Carl Lewis: I hear you. Do many companies involve the daily users in the creation, process building, and documentation? Or are they victims of whatever people above them decide?

Paul Du Bois: We see both. The best companies we've worked with have had an integrated effort, where they brought the right people to the table, even before they selected software. They discussed the real problems versus whatever the dashboard says is a problem. They got on-the-ground intel and involved that in the process from the start.

Quick example. When we were in beta, we were excited. We had a large town council prospect who agreed to work with our horrible alpha beta software. The person was the depot manager, and she oversaw dispatching road repair and road crews. And they had a problem with those huge digital signs on the side of the road. They’d put them out but wouldn't recover them all. They couldn't find them. I don’t know how, but that was a core problem for them. 

The manager had no idea about this. So, she built this into it. They were doing GPS location recording when they dropped the sign off and powered it up. The pilot was great – but when it went to IT for approval, we discovered IT had been working on something similar with a developer. And after 12 months, the developer had produced something worse, in my opinion, than the depot manager had thrown together in three hours with our horrible software.

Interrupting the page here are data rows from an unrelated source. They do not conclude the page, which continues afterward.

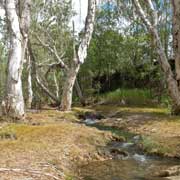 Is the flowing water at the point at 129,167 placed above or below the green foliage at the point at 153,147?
below

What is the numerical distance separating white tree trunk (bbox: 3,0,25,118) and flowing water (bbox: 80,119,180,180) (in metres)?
4.97

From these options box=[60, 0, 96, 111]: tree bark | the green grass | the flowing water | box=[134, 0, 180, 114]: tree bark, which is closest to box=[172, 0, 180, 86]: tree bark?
the flowing water

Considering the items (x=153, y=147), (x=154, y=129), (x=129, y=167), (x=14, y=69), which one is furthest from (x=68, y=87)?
(x=129, y=167)

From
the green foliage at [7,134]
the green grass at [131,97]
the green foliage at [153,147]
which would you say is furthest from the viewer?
the green grass at [131,97]

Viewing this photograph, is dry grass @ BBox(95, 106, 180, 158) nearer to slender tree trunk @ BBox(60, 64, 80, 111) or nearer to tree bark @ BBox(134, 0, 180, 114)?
tree bark @ BBox(134, 0, 180, 114)

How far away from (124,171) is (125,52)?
3111 cm

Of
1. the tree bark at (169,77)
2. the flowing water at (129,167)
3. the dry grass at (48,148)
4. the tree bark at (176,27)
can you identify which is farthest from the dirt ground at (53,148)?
the tree bark at (176,27)

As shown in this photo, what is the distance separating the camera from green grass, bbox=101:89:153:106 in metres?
33.4

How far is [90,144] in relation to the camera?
40.9 feet

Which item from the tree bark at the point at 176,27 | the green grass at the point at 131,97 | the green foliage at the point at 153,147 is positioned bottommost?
the green foliage at the point at 153,147

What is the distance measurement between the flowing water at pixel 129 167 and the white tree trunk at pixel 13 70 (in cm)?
497

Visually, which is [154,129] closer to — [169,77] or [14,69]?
[169,77]

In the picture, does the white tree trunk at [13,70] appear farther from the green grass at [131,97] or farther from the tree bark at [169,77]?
the green grass at [131,97]

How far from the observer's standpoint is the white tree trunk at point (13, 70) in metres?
15.6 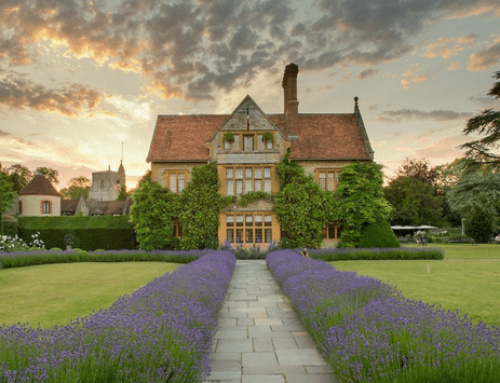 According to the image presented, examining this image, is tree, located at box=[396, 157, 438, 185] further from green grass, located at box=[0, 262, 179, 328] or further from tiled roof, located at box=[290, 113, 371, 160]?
green grass, located at box=[0, 262, 179, 328]

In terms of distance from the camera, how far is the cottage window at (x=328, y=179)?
2464 cm

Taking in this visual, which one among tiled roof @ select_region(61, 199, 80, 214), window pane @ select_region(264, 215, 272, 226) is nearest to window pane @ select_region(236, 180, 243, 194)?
window pane @ select_region(264, 215, 272, 226)

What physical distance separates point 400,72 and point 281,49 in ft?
17.3

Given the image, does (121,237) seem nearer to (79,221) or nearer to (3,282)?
(79,221)

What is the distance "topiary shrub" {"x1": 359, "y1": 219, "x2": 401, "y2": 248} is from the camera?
22.5m

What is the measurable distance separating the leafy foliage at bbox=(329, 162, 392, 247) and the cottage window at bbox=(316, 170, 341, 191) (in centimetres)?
69

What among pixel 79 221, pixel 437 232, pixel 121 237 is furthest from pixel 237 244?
pixel 437 232

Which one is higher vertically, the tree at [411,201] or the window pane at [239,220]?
the tree at [411,201]

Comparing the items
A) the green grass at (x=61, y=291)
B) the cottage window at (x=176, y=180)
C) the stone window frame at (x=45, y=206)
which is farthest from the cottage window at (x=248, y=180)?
the stone window frame at (x=45, y=206)

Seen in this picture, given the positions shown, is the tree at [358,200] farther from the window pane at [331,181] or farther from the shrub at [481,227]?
the shrub at [481,227]

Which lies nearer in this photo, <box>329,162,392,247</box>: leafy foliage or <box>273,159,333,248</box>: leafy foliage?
<box>273,159,333,248</box>: leafy foliage

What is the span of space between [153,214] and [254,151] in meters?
7.51

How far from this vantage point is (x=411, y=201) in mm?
45125

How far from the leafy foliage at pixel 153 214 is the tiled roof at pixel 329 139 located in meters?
8.70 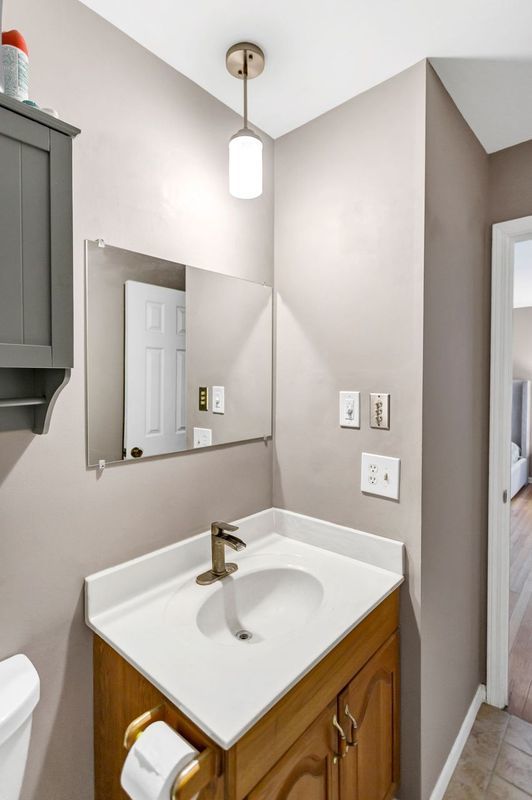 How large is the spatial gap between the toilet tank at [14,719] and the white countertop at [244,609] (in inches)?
6.8

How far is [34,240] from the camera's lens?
2.64ft

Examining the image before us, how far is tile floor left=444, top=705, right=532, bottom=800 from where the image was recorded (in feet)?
4.83

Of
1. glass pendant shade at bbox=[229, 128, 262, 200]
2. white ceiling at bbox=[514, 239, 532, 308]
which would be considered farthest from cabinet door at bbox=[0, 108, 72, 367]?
white ceiling at bbox=[514, 239, 532, 308]

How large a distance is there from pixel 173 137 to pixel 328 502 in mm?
1314

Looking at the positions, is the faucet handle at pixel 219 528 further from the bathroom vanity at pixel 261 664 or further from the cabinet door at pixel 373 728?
the cabinet door at pixel 373 728

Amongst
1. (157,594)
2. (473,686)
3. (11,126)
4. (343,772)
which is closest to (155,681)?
(157,594)

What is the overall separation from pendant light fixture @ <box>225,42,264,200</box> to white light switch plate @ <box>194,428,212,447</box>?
752mm

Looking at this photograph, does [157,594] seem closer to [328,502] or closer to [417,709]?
[328,502]

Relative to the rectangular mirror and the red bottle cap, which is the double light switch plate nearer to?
the rectangular mirror

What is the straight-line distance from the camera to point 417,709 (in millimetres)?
1335

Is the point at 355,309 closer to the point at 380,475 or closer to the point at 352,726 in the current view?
the point at 380,475

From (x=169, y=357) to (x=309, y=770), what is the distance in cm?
111

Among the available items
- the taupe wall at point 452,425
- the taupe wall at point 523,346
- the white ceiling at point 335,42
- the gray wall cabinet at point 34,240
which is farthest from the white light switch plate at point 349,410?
the taupe wall at point 523,346

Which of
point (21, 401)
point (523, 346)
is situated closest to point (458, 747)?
point (21, 401)
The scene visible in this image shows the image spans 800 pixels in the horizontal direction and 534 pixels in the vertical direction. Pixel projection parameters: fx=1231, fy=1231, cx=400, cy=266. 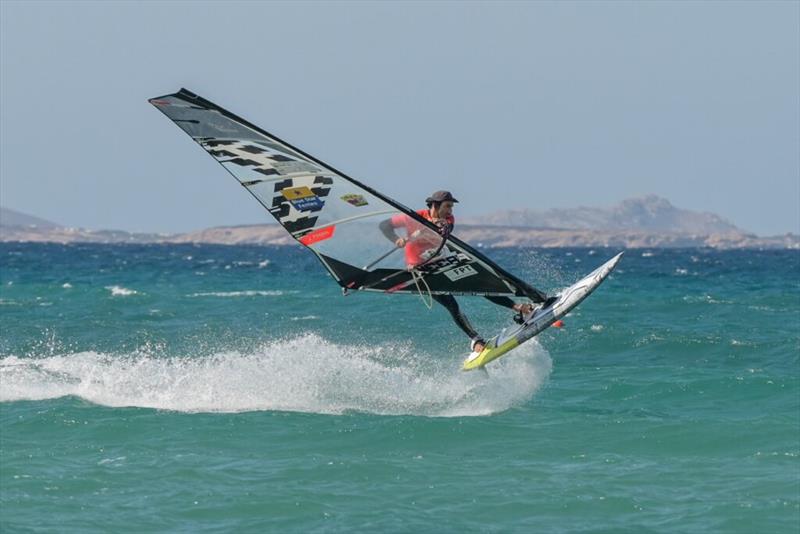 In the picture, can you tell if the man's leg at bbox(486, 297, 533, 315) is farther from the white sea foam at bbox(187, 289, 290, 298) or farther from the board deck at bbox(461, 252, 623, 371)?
the white sea foam at bbox(187, 289, 290, 298)

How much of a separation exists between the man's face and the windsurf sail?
6.8 inches

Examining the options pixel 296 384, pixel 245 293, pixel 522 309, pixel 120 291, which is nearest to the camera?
pixel 522 309

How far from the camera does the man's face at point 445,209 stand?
1135 cm

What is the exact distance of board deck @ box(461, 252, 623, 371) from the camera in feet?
38.5

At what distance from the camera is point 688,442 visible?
1199 cm

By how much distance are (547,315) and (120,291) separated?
86.4 ft

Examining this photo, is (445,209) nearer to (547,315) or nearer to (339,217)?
(339,217)

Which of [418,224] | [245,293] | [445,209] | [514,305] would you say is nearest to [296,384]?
[514,305]

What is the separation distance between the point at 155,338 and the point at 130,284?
66.9ft

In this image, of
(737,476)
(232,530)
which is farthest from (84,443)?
(737,476)

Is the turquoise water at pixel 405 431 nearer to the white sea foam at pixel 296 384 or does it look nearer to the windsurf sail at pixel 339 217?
the white sea foam at pixel 296 384

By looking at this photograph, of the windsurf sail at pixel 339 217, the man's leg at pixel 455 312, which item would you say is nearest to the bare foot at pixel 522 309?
the windsurf sail at pixel 339 217

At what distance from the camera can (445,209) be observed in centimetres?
1138

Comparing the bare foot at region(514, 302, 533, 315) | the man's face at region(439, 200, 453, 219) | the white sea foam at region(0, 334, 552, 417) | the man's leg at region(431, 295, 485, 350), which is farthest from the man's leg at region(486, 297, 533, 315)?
the white sea foam at region(0, 334, 552, 417) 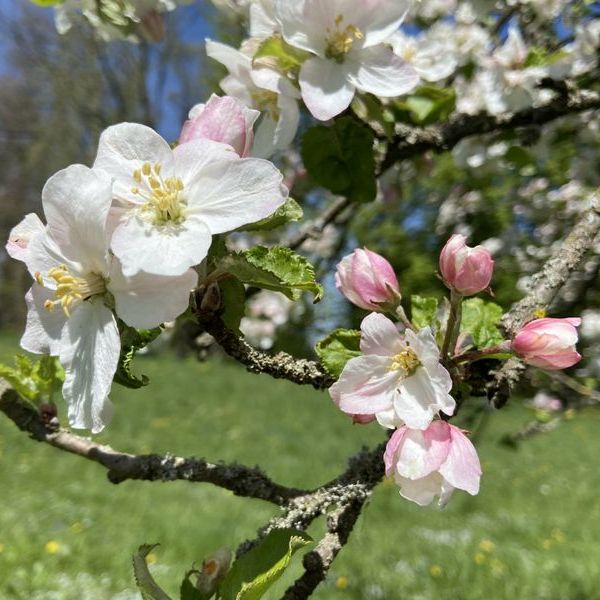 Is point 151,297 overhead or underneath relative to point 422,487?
overhead

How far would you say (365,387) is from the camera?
0.66 meters

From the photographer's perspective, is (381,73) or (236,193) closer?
(236,193)

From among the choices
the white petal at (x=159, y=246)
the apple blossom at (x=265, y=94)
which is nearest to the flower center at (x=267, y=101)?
the apple blossom at (x=265, y=94)

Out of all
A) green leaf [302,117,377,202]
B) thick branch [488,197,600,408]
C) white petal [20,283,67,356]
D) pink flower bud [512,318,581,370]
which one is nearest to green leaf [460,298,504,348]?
thick branch [488,197,600,408]

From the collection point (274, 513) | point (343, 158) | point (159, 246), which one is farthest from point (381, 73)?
point (274, 513)

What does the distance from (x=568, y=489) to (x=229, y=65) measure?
5462 millimetres

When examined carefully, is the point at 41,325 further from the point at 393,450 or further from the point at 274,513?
the point at 274,513

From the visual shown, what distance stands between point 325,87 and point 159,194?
11.9 inches

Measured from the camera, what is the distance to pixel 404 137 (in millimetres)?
1146

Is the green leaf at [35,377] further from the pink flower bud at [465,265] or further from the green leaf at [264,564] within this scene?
the pink flower bud at [465,265]

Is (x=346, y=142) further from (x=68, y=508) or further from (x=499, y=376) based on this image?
(x=68, y=508)

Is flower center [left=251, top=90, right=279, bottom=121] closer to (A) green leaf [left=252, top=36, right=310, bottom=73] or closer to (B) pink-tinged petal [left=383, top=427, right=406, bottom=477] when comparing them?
(A) green leaf [left=252, top=36, right=310, bottom=73]

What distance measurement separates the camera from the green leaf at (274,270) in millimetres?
618

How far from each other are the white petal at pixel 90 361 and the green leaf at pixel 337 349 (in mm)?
231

It was a huge political problem, but there was that disconnect. IT wanted to do it their way, so we lost out there. But I'm not bitter. It's one of those enduring memories where I think, "You know what? There's a person who's going to have to use whatever the hell IT produces for them." And she’ll be stuck with it, even though it was inferior, took longer, and cost more. It’s because they didn’t talk to each other and work together. 

Good organizations pay attention to the issues bubbling up from the frontline versus the IT department in their ivory tower doing what they want. Or sales, or whoever it might be.

Carl Lewis: We've gone through a generational change where IT 15, 20 years ago was a special class. They were the only ones with any knowledge, and they gave us what they thought we needed. It rarely hit the bullseye.

Paul Du Bois: Yes.

Carl Lewis: But now, many users are knowledgeable and can join technical conversations. Not to the degree our IT professionals can, but they can. There are phrases in the industry like ‘customer experience’ that IT people have heard, and they have your frame of mind: I want to add value. I don't know if everyone wanted that 20 years ago when they entered their IT careers. There have been big changes.

Paul, it's been great to hear about your business. We’re not done with mobility yet, so we'll watch what you're doing. Thanks for joining us, and to everyone out there, stay connected.